Franzia's marketing methods contrast with his higher-priced competitors, although he is also credited with introducing new consumers to the wine market and ultimately to the premium brands. His business model is based on ownership of over 45,000 acre, the largest in the country, and the continuing surplus of grapes. Franzia said about claims that he sells wine for virtually the same price as a bottle of water: "They're overcharging for the water. Don't you get it?" and "I don't make wine to put in a closet. We sell wine to drink."
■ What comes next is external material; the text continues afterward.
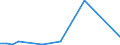 Flow: Exports / Measure: Values / Partner Country: Canada / Reporting Country: Japan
Bronco Wine is best known for its Charles Shaw wine brand of varietals, which for over ten years were commonly nicknamed "Two Buck Chuck" because of the retail price of $1.99 a bottle at Trader Joe's stores in California and some other states. "We choose to sell good quality wines at $2 a bottle because we think it's a fair price," Fred Franzia told ABC News. "We think the other people are charging too much." The Charles Shaw Chardonnay wine won the double gold at the 2007 California State Fair Commercial Wine Competition.

===Brands===
The Bronco Wine Company maintains over 250 brands of wine, including:

- Albertoni Vineyards
- Alexander and Fitch
- Almond Creek
- Bad Dog Ranch
- Bears' Lair
- Black Mountain
- Blue Fin
- CC Vineyards
- Cedar Brook
- Charles Shaw, AKA "Two Buck Chuck"
- Chateau California
- Coastal Ridge
- Coastal Vines
- Congress Springs
- Crane Lake
- Domaine Laurier
- Domaine Napa
- Dona Sol
- Douglass Hill
- Down Under
- Estrella
- Fat Cat
- Forest Glen
- Forest Hill
- ForestVille
- Foxbrook
- Grand Cru
- Green Fin
- Green Truck
- Grove Ridge
- Hacienda
- Harlow Ridge
- JW Morris
- JFJ Winery
- Laurier
- Mongo Wine
- Montpellier
- Napa Creek
- Napa Crossing
- Napa Landing
- Napa Ridge
- Napa River
- Oak Vineyards
- Pacific Oasis
- Pink Truck
- Quail Creek
- Quail Ridge
- Raymond Hill
- Red Truck
- Redwood
- Rock Brook
- Rutherford Vintners
- Salmon Creek
- Santa Barbara Crossing
- Santa Barbara Landing
- Sea Ridge
- Silver Ridge
- The California Winery
- Thousand Oaks
- Three Knights Vineyards
- Trellis
- White Truck

==Concerns and incidents==
In 1993, Franzia and Bronco Wine Company were indicted on federal charges of conspiracy to defraud by misrepresenting cheaper grapes as premium Zinfandel and Cabernet Sauvignon. Bronco pleaded no contest and paid a $2.5 million fine. Franzia also pleaded guilty to his involvement, paid a $500,000 fine, stepped down as Bronco's president and member of the company's board of directors, and agreed to refrain from involvement with grape purchasing for five years in lieu of prison time.

Franzia has also been at odds with California's premium winemakers for several years over his inclusion of Napa and other related appellation terms on the labels of his wines. Franzia sued the state of California over the implementation of a 2000 law that tightened federal labeling laws. His lawsuit was unsuccessful initially and up through the appeals process as well; he eventually sought certiorari in the United States Supreme Court, but the Court declined to take the case.